_WHAT TO PRODUCE:_
Below is a listing; transcribe it exactly but without any images.

[Start of Attachment]

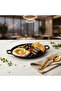 Black Oval Melamine Serving Plate with Handle 9 inch Stylish Serving Dish for Snacks Appet - 2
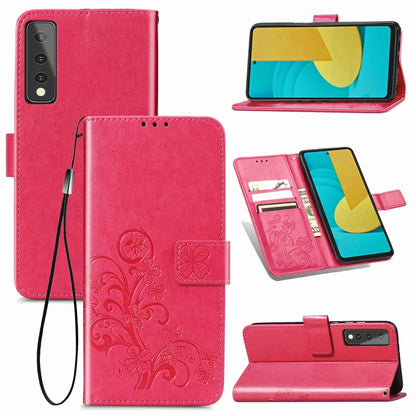 Rose red leather phone wallet case with embossed clover, card slot, lanyard strap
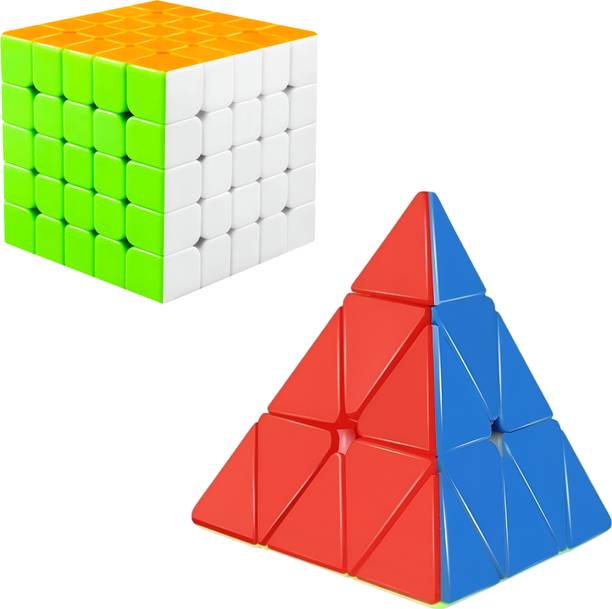 AZEENA High Speed Stickerless Cube Combo Set of 5x5 & Pyramid | Kids and Adults rubiks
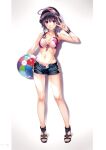  1girl ball beachball bikini bikini_top breasts full_body highres holding hyoudou_michiru looking_at_viewer medium_breasts midriff misaki_kurehito navel official_art saenai_heroine_no_sodatekata sleeveless standing sunglasses swimsuit white_background 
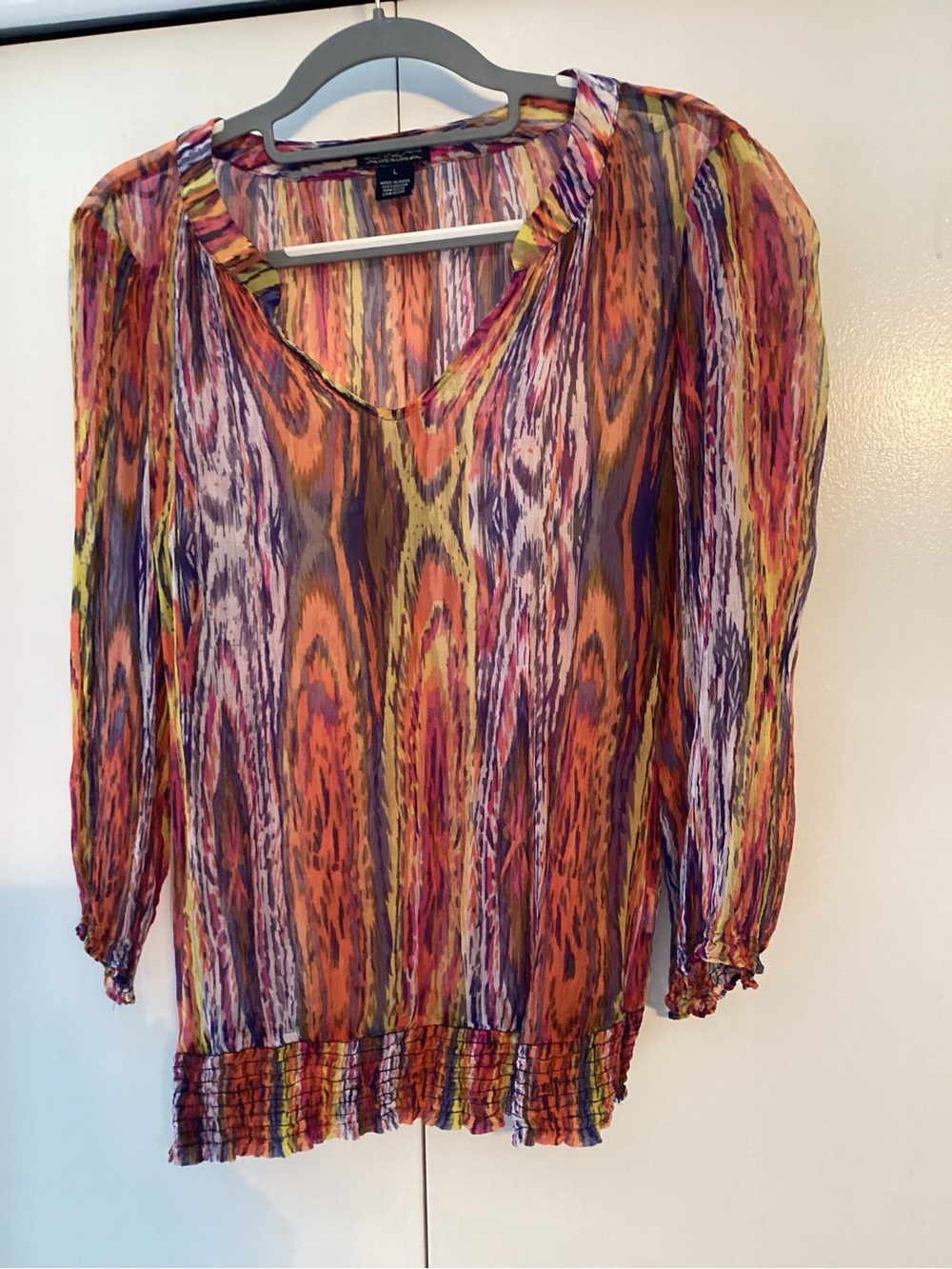 Lucky Brand Multicolor Ikat Sheer Blouse - Orange, Purple, Yellow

[End of Attachment]

_EXPECTED ANSWER:_
 Black Oval Melamine Serving Plate with Handle 9 inch Stylish Serving Dish for Snacks Appet - 2
 Rose red leather phone wallet case with embossed clover, card slot, lanyard strap
 AZEENA High Speed Stickerless Cube Combo Set of 5x5 & Pyramid | Kids and Adults rubiks
  1girl ball beachball bikini bikini_top breasts full_body highres holding hyoudou_michiru looking_at_viewer medium_breasts midriff misaki_kurehito navel official_art saenai_heroine_no_sodatekata sleeveless standing sunglasses swimsuit white_background 
 Lucky Brand Multicolor Ikat Sheer Blouse - Orange, Purple, Yellow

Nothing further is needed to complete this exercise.